*** Data excerpts Section Begins ***

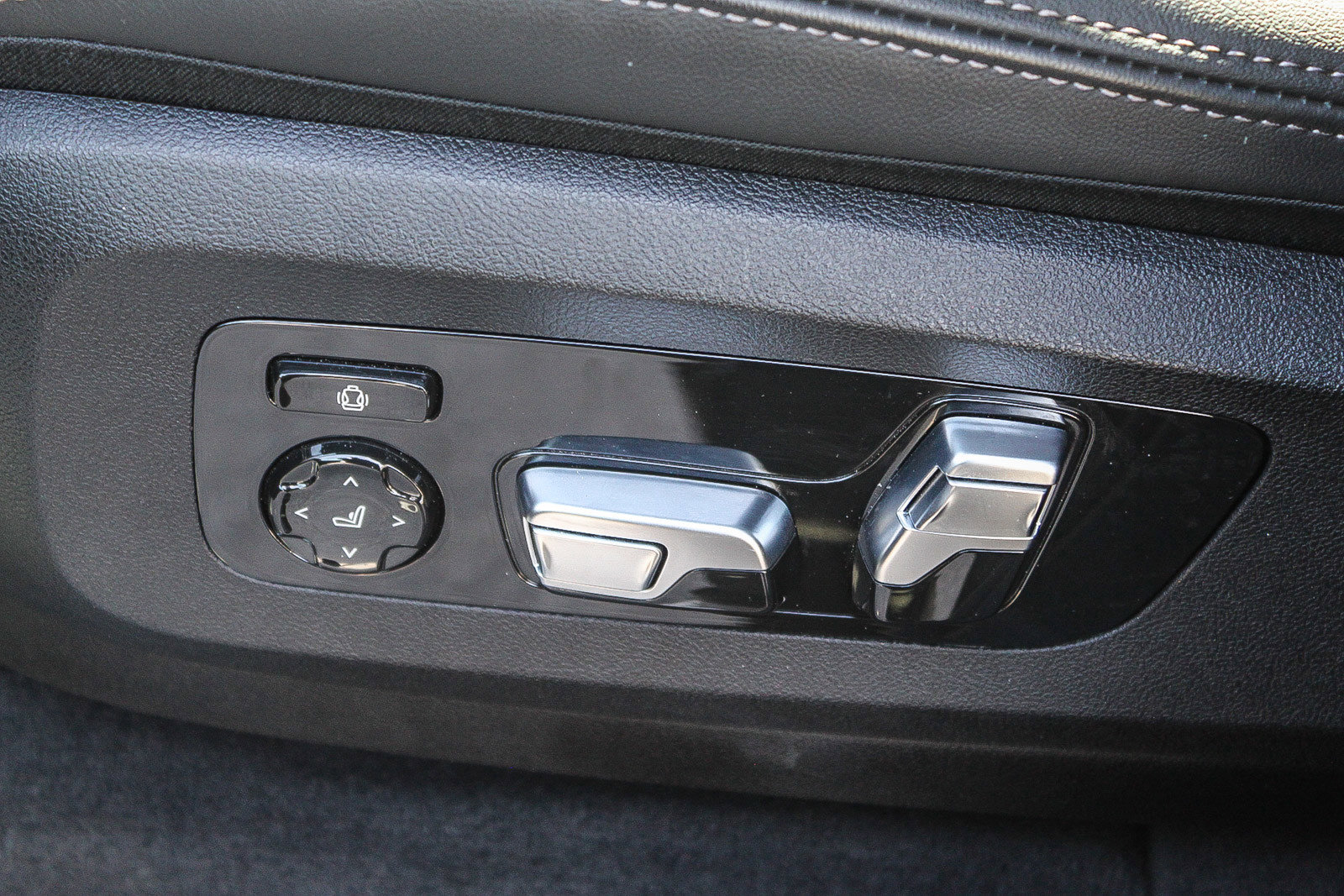 Used 2023 BMW X5 xDrive45e w/ Executive Package image 21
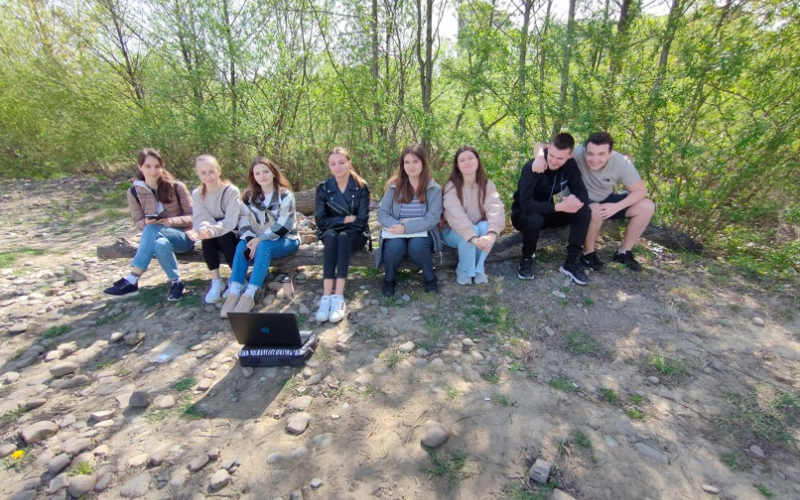 Кажуть, інформація на відкритому повітрі засвоюється краще! 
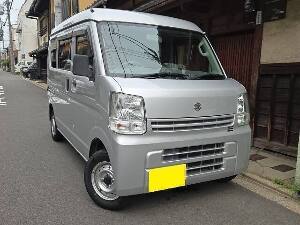エブリイ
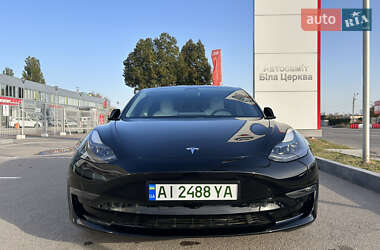 Седан Tesla Model 3 2021 в 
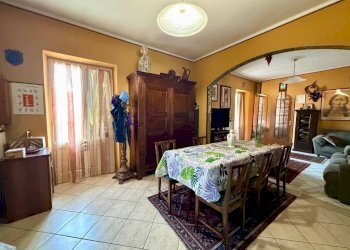 Soggiorno - Villa a Schiera via Pietro Sola Vescovo, 4, Carmagnola - foto 2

*** Data excerpts Section Ends ***

The response should be the full material, repeated exactly, with images removed.

Answer area
 Used 2023 BMW X5 xDrive45e w/ Executive Package image 21
 Кажуть, інформація на відкритому повітрі засвоюється краще! 
エブリイ
 Седан Tesla Model 3 2021 в 
 Soggiorno - Villa a Schiera via Pietro Sola Vescovo, 4, Carmagnola - foto 2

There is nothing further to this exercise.